4.18.8. Future Work
This list contains features that could be implemented in future releases:
Develop more efficient methods of generating/processing ambient wind from a high-fidelity precursor simulation, including:
Propagate 2D planes of ambient wind data using Taylor’s frozen turbulence hypothesis as an alternative to 3D volumes
Allow for nonuniform grids in Turbsim
Use Dynamic Mode Decomposition to compress the file size of the low-resolution domains
Implement Gabor mode enrichment to replace the high-resolution domains
Develop a more efficient ABLSolver based on a simple rectangular (rather than a generally unstructured) grid.
Improve the eddy-viscosity formulation with additional physics.
Pursue additional wake-modeling approaches, including:
Introduce simpler wake-deficit models, e.g., the Gaussian wake model by Bastankhah and Porté-Agel and the super-Gaussian model by Blondel and Cathelain
Introduce simpler wake-deflection models, e.g., the model by Jiménez or the model by Qian and Ishihara
Apply a free-vortex method for the near wake
Incorporate a kidney-shaped wake under skewed-flow conditions, e.g., by incorporating opposing vortices from the skew-induced horseshoe vortex
Deform the base-wake deficit (introduce asymmetry) as a result of background turbulence (in addition to wake meandering)
Incorporate wake-added turbulence
Improve the treatment of complex terrain (beyond specifying ambient wind data as NaN in VTK format)
Include wakes from the nacelle and support structure
Reflect wakes off of the ground.
Address deep-array effects for large wind farms and account for flow speedup around the edges of the wind farm – i.e., account for the wind-farm blockage effect – e.g., by mimicking the wind farm-induced boundary layer with surface roughness in the LES ambient wind precursor.
Implement a model to mimic the measurements taken from a LIDAR and other remote sensing technologies.
Incorporate MPI to support the modeling of large wind farms by taking advantage of memory parallelization and parallelization between nodes of an HPC.
Allow for a more general module form, e.g.:
Support continuous states
Support direct feedthrough of input to output
Support full-system linearization.
Support an interface to Simulink for super and individual wind turbine controllers.

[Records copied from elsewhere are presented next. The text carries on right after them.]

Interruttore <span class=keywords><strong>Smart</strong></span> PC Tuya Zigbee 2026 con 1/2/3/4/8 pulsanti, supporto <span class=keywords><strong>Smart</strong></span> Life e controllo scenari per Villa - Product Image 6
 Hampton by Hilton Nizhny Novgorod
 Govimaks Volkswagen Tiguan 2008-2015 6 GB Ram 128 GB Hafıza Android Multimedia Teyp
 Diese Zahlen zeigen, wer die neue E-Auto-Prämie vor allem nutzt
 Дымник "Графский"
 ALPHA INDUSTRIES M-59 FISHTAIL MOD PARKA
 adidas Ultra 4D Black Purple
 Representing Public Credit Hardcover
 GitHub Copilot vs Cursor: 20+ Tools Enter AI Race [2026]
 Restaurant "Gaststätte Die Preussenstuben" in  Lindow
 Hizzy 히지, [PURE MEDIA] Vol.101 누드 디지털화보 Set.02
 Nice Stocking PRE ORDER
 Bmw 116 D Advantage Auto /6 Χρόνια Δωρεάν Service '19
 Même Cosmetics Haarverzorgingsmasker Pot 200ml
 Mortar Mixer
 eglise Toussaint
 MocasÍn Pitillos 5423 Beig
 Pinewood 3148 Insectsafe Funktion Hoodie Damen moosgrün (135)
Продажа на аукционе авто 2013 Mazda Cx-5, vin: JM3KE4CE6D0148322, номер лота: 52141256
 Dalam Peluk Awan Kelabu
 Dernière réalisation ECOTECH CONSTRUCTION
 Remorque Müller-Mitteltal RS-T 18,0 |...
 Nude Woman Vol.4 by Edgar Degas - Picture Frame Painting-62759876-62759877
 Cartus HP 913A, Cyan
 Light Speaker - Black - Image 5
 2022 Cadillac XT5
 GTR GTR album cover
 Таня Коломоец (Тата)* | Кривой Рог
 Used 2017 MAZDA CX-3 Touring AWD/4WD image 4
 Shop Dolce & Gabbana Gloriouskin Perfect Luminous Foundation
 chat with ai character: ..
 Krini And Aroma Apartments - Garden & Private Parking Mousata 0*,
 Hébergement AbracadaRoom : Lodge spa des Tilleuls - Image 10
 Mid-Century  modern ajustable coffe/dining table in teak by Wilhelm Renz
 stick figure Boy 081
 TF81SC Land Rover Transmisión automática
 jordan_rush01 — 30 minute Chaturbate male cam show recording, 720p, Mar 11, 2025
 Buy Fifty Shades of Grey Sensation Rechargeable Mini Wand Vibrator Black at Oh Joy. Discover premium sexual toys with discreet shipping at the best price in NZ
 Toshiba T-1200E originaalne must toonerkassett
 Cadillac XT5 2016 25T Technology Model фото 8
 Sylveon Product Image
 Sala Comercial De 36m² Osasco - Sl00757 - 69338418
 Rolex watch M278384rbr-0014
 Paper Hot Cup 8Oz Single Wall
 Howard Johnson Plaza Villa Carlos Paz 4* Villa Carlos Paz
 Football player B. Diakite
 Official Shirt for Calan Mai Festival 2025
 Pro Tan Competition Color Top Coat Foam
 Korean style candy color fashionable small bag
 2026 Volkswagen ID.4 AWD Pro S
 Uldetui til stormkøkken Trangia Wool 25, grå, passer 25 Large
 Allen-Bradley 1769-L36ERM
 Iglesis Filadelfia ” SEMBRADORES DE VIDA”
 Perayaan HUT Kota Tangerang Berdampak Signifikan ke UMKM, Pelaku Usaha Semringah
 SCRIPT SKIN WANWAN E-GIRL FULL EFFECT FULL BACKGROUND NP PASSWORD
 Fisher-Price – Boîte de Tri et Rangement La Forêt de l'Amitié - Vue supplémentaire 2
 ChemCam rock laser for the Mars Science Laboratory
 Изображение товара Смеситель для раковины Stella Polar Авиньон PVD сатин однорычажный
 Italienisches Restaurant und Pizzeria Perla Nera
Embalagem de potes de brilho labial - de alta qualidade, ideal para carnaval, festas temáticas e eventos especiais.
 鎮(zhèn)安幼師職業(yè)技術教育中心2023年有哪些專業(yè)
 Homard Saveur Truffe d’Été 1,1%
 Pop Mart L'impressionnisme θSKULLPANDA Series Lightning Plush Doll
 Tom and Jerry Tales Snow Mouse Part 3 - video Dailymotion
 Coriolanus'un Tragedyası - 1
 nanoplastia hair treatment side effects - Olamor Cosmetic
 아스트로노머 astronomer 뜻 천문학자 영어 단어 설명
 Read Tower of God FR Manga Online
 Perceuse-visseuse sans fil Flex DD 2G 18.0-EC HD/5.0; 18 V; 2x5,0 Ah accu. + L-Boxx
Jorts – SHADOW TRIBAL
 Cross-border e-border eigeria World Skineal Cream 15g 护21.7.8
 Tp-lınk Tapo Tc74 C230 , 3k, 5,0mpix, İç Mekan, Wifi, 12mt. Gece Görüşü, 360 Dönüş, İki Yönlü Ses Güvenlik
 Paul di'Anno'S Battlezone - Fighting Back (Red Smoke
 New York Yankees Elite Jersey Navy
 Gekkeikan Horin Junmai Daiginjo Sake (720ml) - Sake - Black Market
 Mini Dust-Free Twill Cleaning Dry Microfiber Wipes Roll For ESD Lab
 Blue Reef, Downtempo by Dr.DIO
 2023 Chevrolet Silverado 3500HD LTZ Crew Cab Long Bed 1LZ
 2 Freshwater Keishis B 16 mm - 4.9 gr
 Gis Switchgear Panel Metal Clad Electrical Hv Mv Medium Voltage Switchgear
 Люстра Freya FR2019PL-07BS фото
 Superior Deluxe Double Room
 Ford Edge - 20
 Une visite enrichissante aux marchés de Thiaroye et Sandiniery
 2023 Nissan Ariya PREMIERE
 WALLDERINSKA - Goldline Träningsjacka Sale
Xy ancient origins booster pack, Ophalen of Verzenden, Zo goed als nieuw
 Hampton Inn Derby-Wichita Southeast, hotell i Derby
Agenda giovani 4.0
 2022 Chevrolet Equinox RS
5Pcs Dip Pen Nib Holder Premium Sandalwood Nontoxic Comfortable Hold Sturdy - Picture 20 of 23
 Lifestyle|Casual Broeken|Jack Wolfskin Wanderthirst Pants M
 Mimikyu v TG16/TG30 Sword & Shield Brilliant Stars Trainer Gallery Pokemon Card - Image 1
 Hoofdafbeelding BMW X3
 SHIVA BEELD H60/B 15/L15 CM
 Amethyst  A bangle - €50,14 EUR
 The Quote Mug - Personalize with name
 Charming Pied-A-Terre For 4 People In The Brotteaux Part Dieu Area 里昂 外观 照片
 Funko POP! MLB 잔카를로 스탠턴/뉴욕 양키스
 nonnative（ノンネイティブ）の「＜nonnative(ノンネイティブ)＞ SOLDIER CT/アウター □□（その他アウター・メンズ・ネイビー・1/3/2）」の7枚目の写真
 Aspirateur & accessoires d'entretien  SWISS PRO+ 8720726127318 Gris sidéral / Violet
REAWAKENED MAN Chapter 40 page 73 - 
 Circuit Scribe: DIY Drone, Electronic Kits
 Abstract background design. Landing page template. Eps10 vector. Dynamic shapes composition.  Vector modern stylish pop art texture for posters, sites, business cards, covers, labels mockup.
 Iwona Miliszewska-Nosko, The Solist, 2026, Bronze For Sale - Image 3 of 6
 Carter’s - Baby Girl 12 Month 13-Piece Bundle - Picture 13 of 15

Implement checkpoint-restart capability.
Enable binary wind data input and output formats and binary time-series results output format.
Add ability to output disturbed wind in VTK format on 2D slices that need not be parallel to the X-Y, Y-Z and/or X-Z planes of the global inertial-frame coordinate system.
Rename the ambient wind data input files in VTK format following the naming convention used for the FAST.Farm-generated visualization output files in VTK format (with leading zeros and without the t).
Support super controller-, inflow-, and wake-related output channels for more than the first 9 wind turbines in the wind farm.
Interface FAST.Farm to the Wind-Plant Integrated System Design & Engineering Model (WISDEM\(^\text{TM}\)) for systems-engineering applications (multidisciplinary design, analysis, and optimization; uncertainty quantification; and so on).
Develop a wrapper for stand-alone AeroDyn – the aerodynamics module of OpenFAST (or an equivalent BEM tool) – as an alternative to OpenFAST to support advanced performance-only wind-farm analysis that is much more computationally efficient than FAST.Farm analysis using OpenFAST.
Address unique offshore wind energy challenges, e.g.:
Ensure consistent waves across an offshore wind farm
Support the air-water interface
Consider shared mooring and anchoring arrangements (for floating offshore wind farms).
Adopt the capability to support undersea marine turbine arrays (which may require supporting direct feedthrough of input to output to handle the added-mass effects).